Wer dazugehören will, muss die Regeln kennen. Doch was, wenn sie niemand erklärt?
Für viele Familien mit Migrationsgeschichte wird der Schulalltag zur Herausforderung. Nicht wegen mangelnder Motivation, sondern wegen fehlender Orientierung.
Als ich als Kind mit meiner Klasse zum ersten Mal in den Wald sollte, stellte meine Mutter viele Fragen: «Was genau sind Wanderschuhe? Reichen Turnschuhe? Und was sind Matschhosen?» Ich wusste es nicht und sie auch nicht. Ich erinnere mich daran, wie ich ohne Matschhose im Wald stand, natürlich an einem regnerischen Tag, während andere Kinder perfekt ausgestattet waren. Ich schämte mich, obwohl ich nichts falsch gemacht hatte. Für meine Mutter, die in die Schweiz eingewandert war, war vieles unverständlich; nicht, weil sie sich nicht kümmerte, sondern weil ihr niemand erklärte, was hier als selbstverständlich galt.

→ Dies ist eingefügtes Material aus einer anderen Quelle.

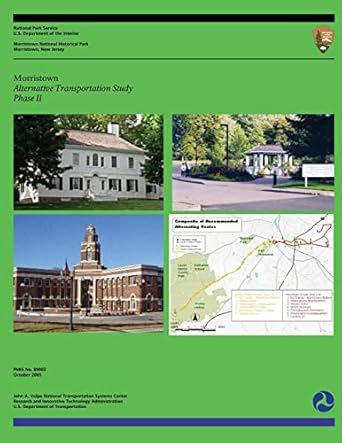 morristown alternative transportation study phase ii 1st edition u s department of transportation ,national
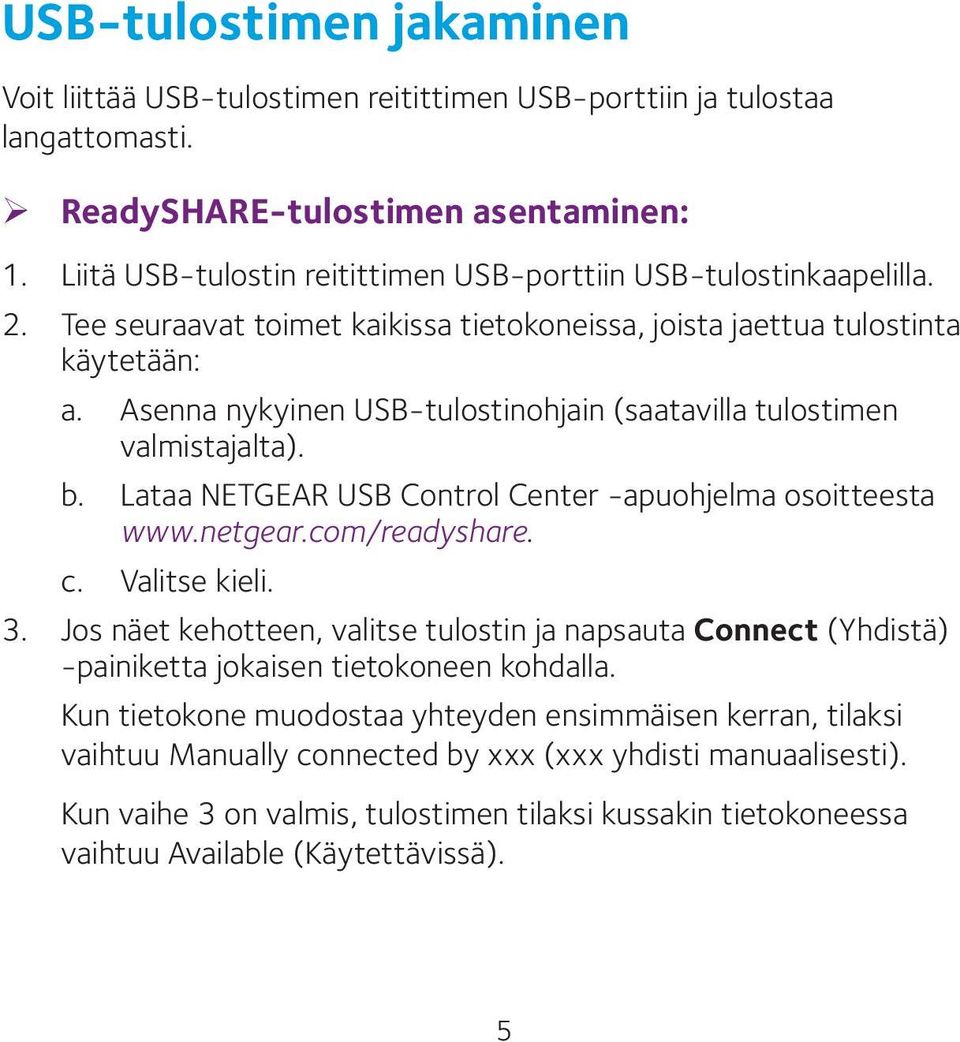 Asenna nykyinen USB-tulostinohjain (saatavilla tulostimen valmistajalta). b. Lataa NETGEAR USB Control Center -apuohjelma osoitteesta www.netgear.com/readyshare. c. Valitse kieli. 3.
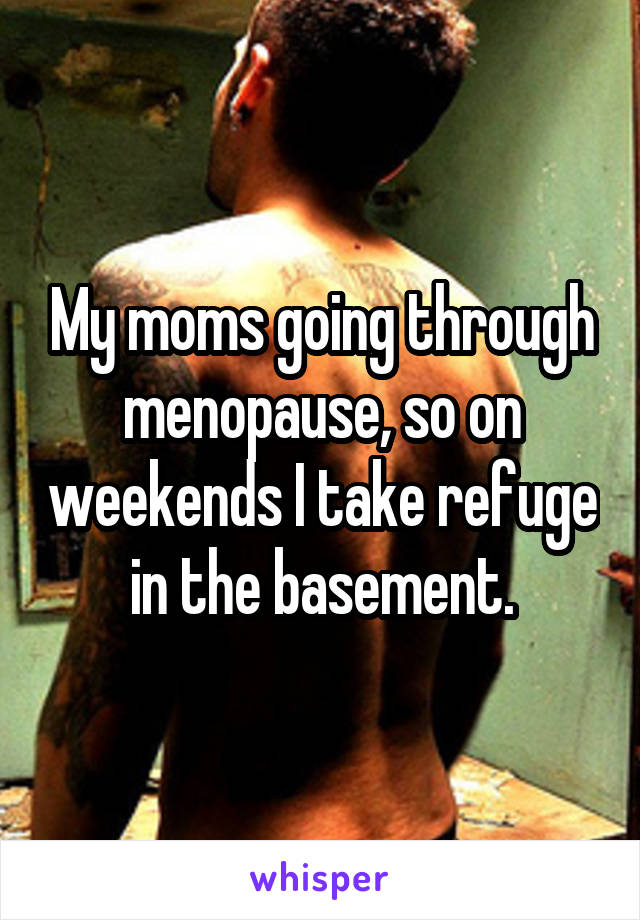 My moms going through menopause, so on weekends I take refuge in the basement.
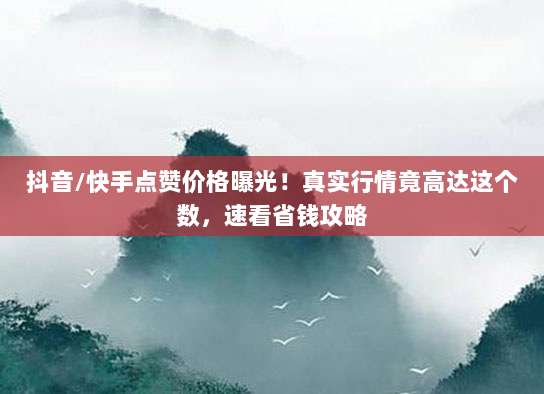 抖音/快手点赞价格曝光！真实行情竟高达这个数，速看省钱攻略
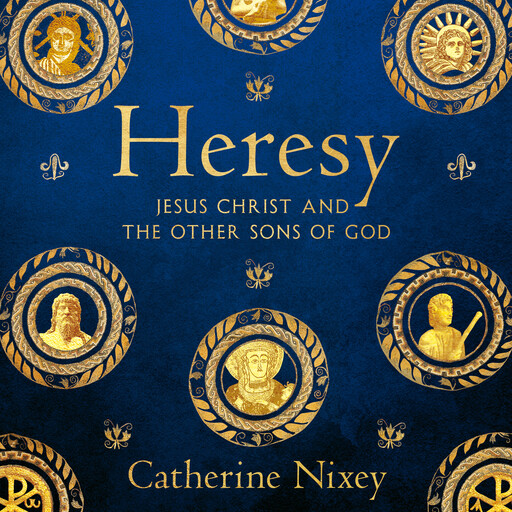 Heresy, Catherine Nixey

Solche Erfahrungen sind keine Randnotizen. Sie zeigen exemplarisch, wie schwer zugänglich Schule für Familien mit Migrationsgeschichte sein kann. Ihnen fehlt nicht die Bildung oder das Interesse, sondern das kulturelle Betriebssystem, auf dem viele unausgesprochene Erwartungen beruhen. Die Schule verlangt Mitdenken, Mitverstehen, Mitorganisieren. Doch das gelingt nur, wenn auch das Alltägliche erklärt wird, ohne dass man sich dafür schämen muss. Ausserdem denkt oft niemand daran, was eine gute Wanderausrüstung kosten kann. Bei mehreren Kindern über mehrere Saisons hinweg kann das schön ins Geld gehen.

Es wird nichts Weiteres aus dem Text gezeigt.